(Beginning of Task inputs)

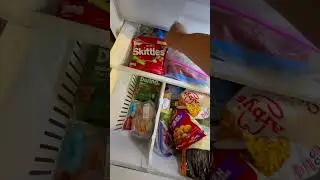 How To Make Freeze Dried Skittles! #shorts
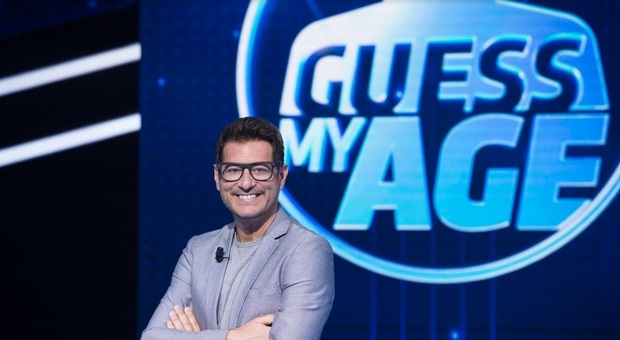 TV8 presenta "Guess my age special edition", protagonisti della gara Mara Maionchi e Fedez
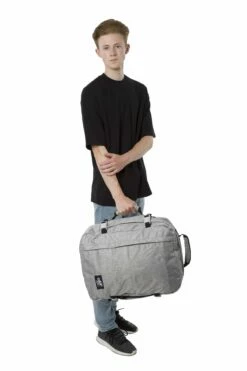 Mochila De Viaje Cabin Zero Classic 44 L. Gris (Ice Grey) 14 Mochila De Viaje Cabin Zero Classic 44 L. Gris (Ice Grey) -Viajar Tienda de ventas 30732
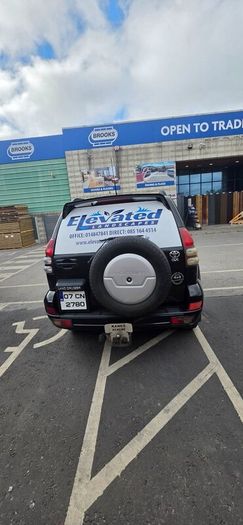 Toyota Land Cruiser 2007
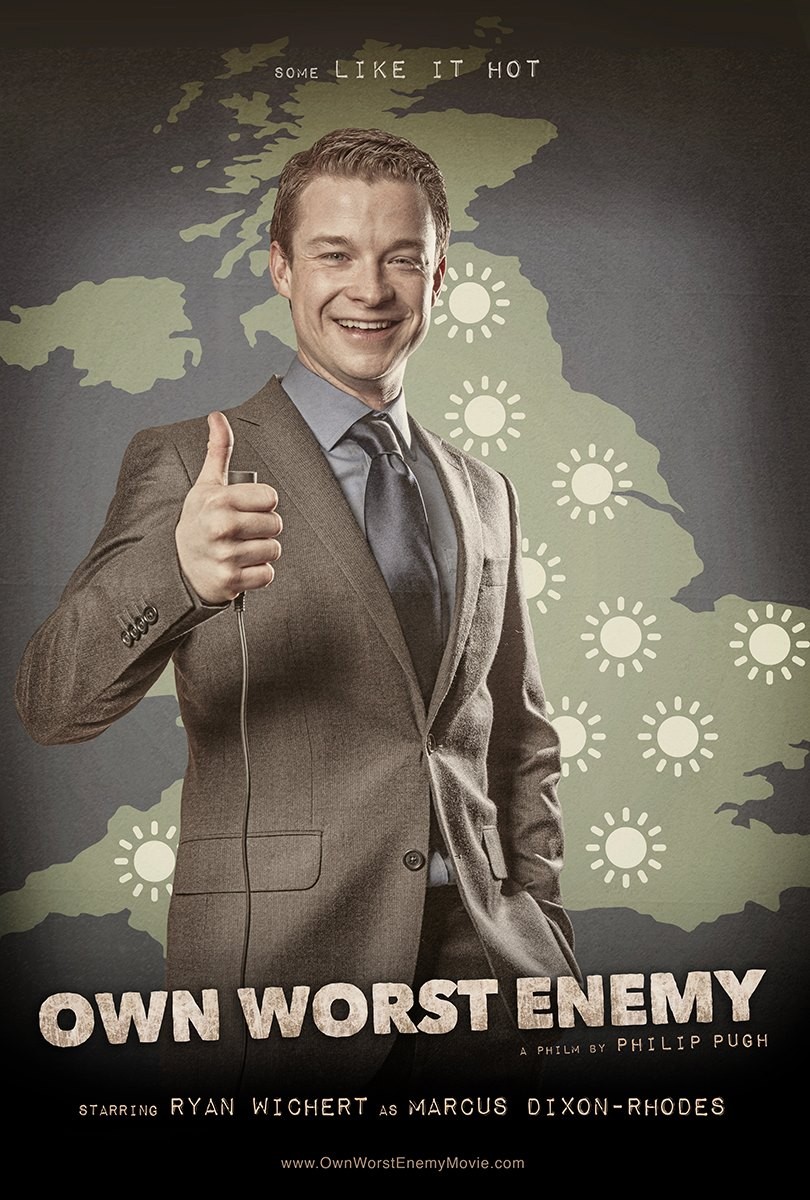 Extra Large Movie Poster Image for Own Worst Enemy (#5 of 6)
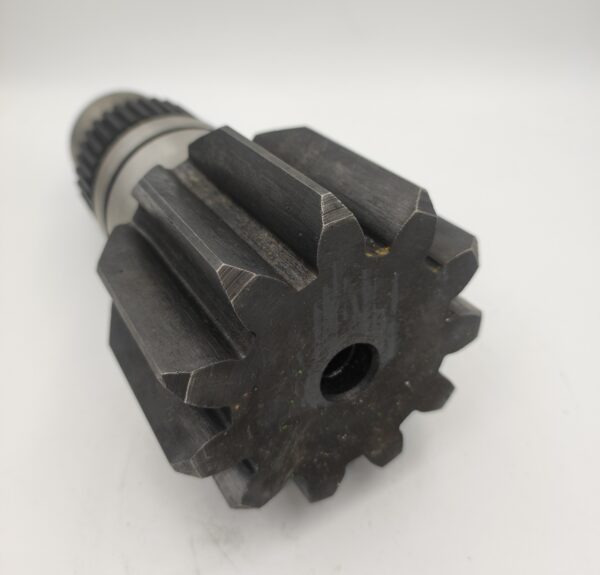 010730A Wałek silnika obrotu Yanmar B37V - Motor de giro por Máquina de construção: foto 1 010730A Wałek silnika obrotu Yanmar B37V - Motor de giro por Máquina de construção: foto 1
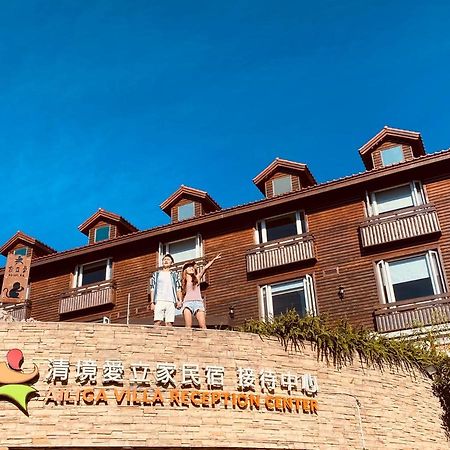 Ailiga Travel Villa Renai Bagian luar foto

(End of Task inputs)

### Task brief
Could you reproduce exactly the lines running from the one with "Extra Large Movie" through the final line of the listing above, both included, and drop the pictures?

### Reply to the task
 Extra Large Movie Poster Image for Own Worst Enemy (#5 of 6)
 010730A Wałek silnika obrotu Yanmar B37V - Motor de giro por Máquina de construção: foto 1 010730A Wałek silnika obrotu Yanmar B37V - Motor de giro por Máquina de construção: foto 1
 Ailiga Travel Villa Renai Bagian luar foto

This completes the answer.